Unlike most other OHC V6 and V8 engines that drive both overhead cams directly from the crankshaft with a belt or chain, this engine has an intermediate jackshaft in the middle of the block where a pushrod cam would normally be located. the 4.0l sohc engine was found under the hood of many ford and related suvs and light trucks, as well as 2005-’10 mustangs.

A short timing chain on the front of the engine connects the crankshaft to the intermediate jackshaft. A second, longer timing chain behind the first chain connects the front of the jackshaft to the overhead cam on the left side of the engine.

A third timing chain in the back of the engine connects the rear of the jackshaft to the overhead cam in the right cylinder head. There is also a balance shaft in the crankcase of engines used in 4×4 trucks, which is driven by a fourth chain directly off the crankshaft.

Why Ford designed the cam drives this way is anyone’s guess. It probably allowed the engine to be shorter and more compact. But one of the unintended consequences of this fore-and-aft split cam drive arrangement is that it makes the timing chains, guides and tensioners VERY difficult to replace — which makes for an expensive repair when a chain guide or tensioner fails on one of these engines (a common problem on high mileage engines, especially if the owner has ­neglected regular oil changes).

Some of the early engines up through 2002 in the Ranger and Explorer have had a timing chain rattle problem due to the poor design of the original teflon chain guides. The noise is most noticeable when a cold engine is first started, and is usually loudest from 2400 to 3000 rpm.

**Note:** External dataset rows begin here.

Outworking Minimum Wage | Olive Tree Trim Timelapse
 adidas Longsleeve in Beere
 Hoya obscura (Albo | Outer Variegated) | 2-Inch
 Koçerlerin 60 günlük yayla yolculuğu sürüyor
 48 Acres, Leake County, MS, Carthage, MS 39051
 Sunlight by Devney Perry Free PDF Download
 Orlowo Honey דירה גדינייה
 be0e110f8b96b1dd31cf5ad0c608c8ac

The same noise problem can also develop in 2003 and newer high-mileage engines as a result of chain guide wear. In some instances, the guide may break and disintegrate and spew debris into the oil pan. This may also cause one of the timing chains to break (typically the front left chain).

Fortunately, the 4.0L SOHC is not an interference engine so a timing chain failure won’t bend the valves. But it does create an expensive repair for the vehicle owner.

Ford issued a TSB for the timing rattle problem and released a redesigned “‘cassette”‘ (the timing chain, gears, guide and tensioner assembly) for the left front timing chain. This timing chain cassette can be replaced without having to pull the engine out of the vehicle.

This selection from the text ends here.